“Louis CK @ Just For Laughs Festival Montreal” by Anirudh Koul is licensed under CC BY-NC 2.0
If you’re going to write anything about Louis CK, it has to start like this: Louis CK has admitted to committing numerous acts of sexual misconduct (that’s the word you use when it doesn’t legally rise to the level of “assault”). I must remind you of the one thing absolutely everybody knows about CK: he’s a #MeToo guy. Just add the phrase “disgraced comedian” before his name any time you hear it or see it mentioned in print.
So now that we’ve got all that out of the way, am I allowed to review CK’s new standup special Sincerely? It’s released on his website, presumably because none of the major streaming platforms would touch the thing. Or maybe it’s because he prefers not to share his money with a distributor — even before the publication of his *ahem* indiscretions, CK was acting as his own ticket broker and released streaming content through his own website. Either way, he announced the release and within hours social media was flooded with concern. How could he do such a thing? And at a time like this!

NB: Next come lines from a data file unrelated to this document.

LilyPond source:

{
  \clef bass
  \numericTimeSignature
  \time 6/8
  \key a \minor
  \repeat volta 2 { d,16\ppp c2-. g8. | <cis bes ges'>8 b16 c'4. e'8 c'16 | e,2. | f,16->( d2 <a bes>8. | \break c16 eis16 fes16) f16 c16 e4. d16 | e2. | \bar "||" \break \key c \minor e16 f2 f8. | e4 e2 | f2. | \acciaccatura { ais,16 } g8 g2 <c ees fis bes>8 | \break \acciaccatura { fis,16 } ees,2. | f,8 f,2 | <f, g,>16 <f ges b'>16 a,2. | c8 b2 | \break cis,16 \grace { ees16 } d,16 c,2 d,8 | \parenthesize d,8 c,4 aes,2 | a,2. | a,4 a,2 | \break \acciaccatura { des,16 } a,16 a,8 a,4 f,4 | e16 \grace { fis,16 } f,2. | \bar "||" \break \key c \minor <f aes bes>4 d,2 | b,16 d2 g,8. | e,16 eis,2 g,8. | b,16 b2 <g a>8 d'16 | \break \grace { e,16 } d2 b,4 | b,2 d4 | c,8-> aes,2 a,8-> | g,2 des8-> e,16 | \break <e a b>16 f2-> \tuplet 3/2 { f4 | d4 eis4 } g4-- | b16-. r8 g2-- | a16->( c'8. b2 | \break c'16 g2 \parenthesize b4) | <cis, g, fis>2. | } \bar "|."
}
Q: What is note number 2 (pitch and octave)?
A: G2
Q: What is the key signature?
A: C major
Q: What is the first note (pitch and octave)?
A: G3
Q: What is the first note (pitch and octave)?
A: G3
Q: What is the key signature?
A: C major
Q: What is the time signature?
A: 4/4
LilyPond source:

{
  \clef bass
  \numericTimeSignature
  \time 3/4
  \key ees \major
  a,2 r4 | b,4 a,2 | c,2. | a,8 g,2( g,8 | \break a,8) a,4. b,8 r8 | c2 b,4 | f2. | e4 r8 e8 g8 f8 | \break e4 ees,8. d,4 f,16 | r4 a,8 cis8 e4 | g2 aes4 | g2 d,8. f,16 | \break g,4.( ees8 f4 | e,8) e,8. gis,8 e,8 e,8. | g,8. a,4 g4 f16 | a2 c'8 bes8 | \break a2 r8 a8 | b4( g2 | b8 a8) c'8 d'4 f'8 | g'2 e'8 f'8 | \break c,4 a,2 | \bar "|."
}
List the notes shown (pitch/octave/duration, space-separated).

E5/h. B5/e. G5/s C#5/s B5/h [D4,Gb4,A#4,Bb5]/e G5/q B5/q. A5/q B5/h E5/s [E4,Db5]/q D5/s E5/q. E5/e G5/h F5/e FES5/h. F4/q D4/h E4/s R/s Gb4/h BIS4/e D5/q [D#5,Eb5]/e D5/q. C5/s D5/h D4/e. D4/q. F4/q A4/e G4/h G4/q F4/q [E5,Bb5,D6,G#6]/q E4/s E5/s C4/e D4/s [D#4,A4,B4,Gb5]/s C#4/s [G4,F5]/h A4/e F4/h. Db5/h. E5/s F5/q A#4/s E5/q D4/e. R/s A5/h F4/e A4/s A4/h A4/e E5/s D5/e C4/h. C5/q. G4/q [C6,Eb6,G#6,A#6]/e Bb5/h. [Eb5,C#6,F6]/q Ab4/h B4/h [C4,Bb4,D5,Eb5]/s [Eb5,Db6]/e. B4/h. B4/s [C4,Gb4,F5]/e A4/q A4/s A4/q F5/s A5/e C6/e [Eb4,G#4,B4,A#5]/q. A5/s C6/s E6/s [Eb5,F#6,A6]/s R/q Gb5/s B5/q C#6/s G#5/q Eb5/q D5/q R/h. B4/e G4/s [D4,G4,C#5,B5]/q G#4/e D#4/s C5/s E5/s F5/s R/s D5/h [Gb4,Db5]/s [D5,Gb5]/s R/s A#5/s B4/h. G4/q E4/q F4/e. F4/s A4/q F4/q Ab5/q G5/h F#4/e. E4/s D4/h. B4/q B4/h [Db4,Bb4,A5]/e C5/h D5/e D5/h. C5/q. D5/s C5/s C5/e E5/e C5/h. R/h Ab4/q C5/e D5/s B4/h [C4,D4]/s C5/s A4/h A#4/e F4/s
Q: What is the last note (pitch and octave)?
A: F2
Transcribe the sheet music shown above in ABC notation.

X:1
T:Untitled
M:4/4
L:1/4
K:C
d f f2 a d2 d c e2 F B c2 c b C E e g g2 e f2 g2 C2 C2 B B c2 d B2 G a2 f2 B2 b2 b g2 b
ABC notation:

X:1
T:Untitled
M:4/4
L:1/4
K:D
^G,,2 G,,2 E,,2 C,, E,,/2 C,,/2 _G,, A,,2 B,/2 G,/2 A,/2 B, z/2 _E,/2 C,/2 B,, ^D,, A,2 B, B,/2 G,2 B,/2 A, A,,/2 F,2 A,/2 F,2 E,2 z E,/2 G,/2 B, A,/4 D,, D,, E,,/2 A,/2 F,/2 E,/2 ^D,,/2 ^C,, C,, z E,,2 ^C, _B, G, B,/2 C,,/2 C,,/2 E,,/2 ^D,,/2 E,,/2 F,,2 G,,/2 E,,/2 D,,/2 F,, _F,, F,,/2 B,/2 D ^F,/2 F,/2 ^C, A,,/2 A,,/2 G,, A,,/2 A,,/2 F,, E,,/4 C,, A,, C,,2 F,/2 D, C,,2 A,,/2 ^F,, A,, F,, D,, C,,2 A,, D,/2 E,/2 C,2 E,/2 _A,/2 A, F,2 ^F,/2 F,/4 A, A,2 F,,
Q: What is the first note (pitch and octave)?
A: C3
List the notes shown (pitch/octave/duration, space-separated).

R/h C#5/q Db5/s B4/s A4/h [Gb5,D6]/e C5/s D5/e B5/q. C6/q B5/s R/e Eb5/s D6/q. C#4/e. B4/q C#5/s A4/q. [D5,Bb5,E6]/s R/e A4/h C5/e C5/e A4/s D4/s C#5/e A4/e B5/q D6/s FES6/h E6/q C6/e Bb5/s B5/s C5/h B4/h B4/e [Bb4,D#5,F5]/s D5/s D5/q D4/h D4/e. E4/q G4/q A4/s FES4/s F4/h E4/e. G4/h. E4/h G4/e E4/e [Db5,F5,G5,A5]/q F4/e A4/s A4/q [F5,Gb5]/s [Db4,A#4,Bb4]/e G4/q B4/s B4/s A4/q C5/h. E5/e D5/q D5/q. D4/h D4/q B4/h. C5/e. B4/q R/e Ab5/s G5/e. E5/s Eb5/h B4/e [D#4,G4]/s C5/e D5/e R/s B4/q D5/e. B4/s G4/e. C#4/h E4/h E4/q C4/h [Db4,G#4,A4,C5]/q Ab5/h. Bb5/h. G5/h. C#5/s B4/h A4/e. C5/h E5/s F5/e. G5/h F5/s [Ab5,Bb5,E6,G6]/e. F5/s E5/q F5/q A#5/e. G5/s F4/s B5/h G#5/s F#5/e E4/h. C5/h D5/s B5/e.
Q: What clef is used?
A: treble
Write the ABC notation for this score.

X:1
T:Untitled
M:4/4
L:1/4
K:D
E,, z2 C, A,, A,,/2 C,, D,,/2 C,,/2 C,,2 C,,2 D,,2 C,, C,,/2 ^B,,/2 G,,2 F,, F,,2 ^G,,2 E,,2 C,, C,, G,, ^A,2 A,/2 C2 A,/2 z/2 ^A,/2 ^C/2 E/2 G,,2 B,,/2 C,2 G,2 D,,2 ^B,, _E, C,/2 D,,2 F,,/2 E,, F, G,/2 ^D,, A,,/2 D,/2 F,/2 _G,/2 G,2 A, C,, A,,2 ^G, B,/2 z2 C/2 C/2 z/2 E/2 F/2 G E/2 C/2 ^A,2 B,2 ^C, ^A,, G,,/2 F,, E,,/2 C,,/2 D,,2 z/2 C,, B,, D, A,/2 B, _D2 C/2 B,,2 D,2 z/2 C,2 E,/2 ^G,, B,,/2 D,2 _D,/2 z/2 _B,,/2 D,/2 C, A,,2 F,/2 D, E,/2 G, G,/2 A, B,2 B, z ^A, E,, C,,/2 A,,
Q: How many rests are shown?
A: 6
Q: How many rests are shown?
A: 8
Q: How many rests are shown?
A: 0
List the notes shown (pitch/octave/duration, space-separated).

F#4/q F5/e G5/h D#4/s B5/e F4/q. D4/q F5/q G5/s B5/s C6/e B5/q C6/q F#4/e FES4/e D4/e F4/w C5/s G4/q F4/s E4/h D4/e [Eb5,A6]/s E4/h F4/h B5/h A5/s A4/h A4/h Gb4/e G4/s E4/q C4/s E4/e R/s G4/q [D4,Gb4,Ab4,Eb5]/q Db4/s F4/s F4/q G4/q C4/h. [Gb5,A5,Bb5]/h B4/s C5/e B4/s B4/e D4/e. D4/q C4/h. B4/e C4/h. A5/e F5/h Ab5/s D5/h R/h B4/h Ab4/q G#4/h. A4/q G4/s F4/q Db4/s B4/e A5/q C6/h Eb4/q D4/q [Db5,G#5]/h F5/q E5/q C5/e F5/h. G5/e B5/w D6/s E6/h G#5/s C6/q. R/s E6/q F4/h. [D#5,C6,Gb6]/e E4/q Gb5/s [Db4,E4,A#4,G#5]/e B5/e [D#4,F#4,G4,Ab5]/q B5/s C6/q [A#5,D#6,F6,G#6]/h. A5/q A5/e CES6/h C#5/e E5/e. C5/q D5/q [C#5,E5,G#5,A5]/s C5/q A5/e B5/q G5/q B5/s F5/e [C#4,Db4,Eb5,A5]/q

After all, a #MeToo guy is supposed to go away forever (or, in the case of Ryan Seacrest, for like two weeks). CK performing live is bad enough, but now he’s actually going to release the footage? Online?! For a nominal fee to be paid by those who choose to watch it?!?! [Outrage ensues].
In case you can’t tell I’m a bit skeptical of the backlash. Not to suggest that anyone should welcome CK’s return to the public sphere. I can understand anyone who’s just plain finished with the guy. But of course, others are free to have their feelings, too. I myself go back and forth on how to approach the work of a #MeToo guy in the post-#MeToo world. Can an artist be removed from the worst thing’s they’ve done in life? And even if they can’t, can their work be appreciated on its own terms? If you haven’t had these conversations with yourself you’re probably just not the kind of person who thinks about stuff. I generally like to condemn not thinking about stuff, but after thinking about this a lot I don’t have any answers. So maybe the non-thinkers know something I don’t.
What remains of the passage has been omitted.